Contaminación por ruido

Tráfico, trenes, fábricas, grandes obras de infraestructuras, gente por todas partes, y todo ello participando de un factor común; la generación de ruido. En la ciudad el ruido forma parte de ese aspecto insolidario de la gran urbe.

Aunque el ruido está presente en la naturaleza a través del trueno, el viento,  el canto de los pájaros, el sonido del agua al correr o caer, etc., a través del tiempo hemos asimilado estas emisiones de manera tal que forman parte de nuestra vida, pasando prácticamente inadvertidas.

En el ser humano, el ruido incide en el oído, principal órgano de percepción. Aunque la presencia del ruido es física, y por tanto su percepción es altamente fisiológica, la interpretación de gran parte de lo que se oye es el resultado de la forma en que el sistema nervioso central procesa el estímulo sonoro que recibe.

El nivel máximo soportado por el oído humano (o límite) es de 120 / 140 decibeles aproximadamente, tope al que no se debe de llegar, ya que de hacerlo se podría producir lesiones que serían irreparables, médicamente lo establecido es no superar los 85 decibeles, ya que de mantenerse este nivel se empezaría a producir lo que se denomina sordera sensorineural progresiva (falta de excitación en las neuronas). Aquí tenemos algunos niveles sonoros:

Umbral del dolor: 120

Tráfico intenso: 80

Conversación normal: 65

Voz baja: 20

El ruido no modifica el medio, sino que interviene en actividades importantes del desarrollo social del individuo, es decir, lo lesiona en la comunicación, en el aprendizaje, en la concentración, en el derecho al descanso y le distorsiona la información.
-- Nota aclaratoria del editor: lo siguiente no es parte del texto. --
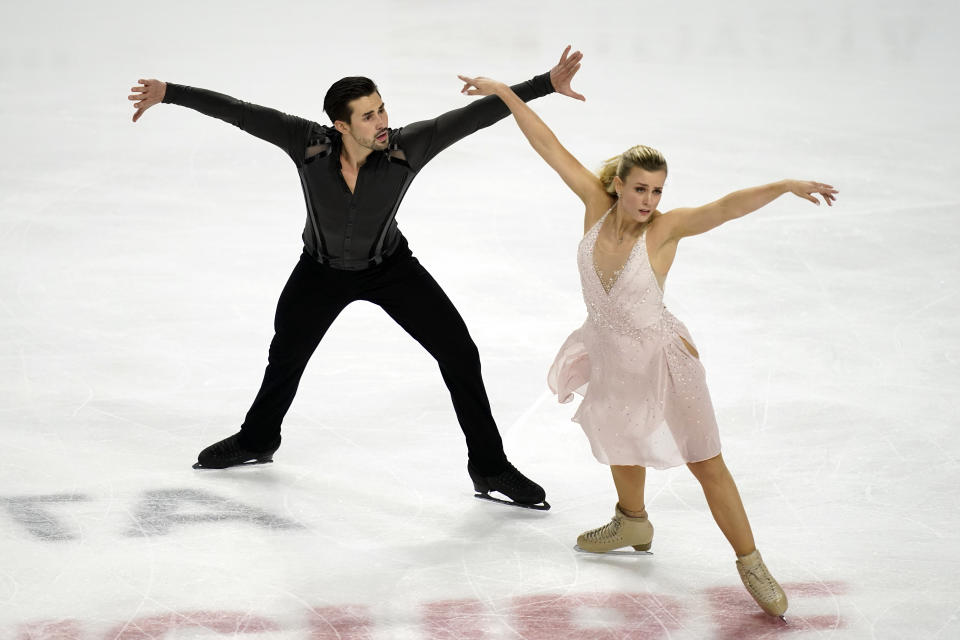 Madison Hubbell and Zachary Donohue perform during the free dance at the U.S. Figure Skating Championships, Saturday, Jan. 16, 2021, in Las Vegas. (AP Photo/John Locher)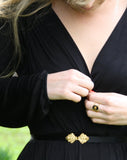 טבעת פרח, טבעת בסגנון רטרו', טבעת אמייל, טבעת שחור זהב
Algo similar ocurre en la naturaleza y las más perjudicadas son las aves. Su hábitat natural, con apacibles sonidos, se ve interrumpido por explosiones  de fuegos artificiales o por  las bocinas que  tocan decenas de autos porque sus dueños desean irse muy rápidamente para sus casas. Eso las aves no lo entienden  y si se salvan de morirse de un susto, decidirán entonces emigrar hacia otra parte. 

Tengamos en cuenta que tenemos el enorme placer de poder espiar un poquito de vida, disfrutémosla y tratemos de que nuestra presencia pase lo más desapercibida posible.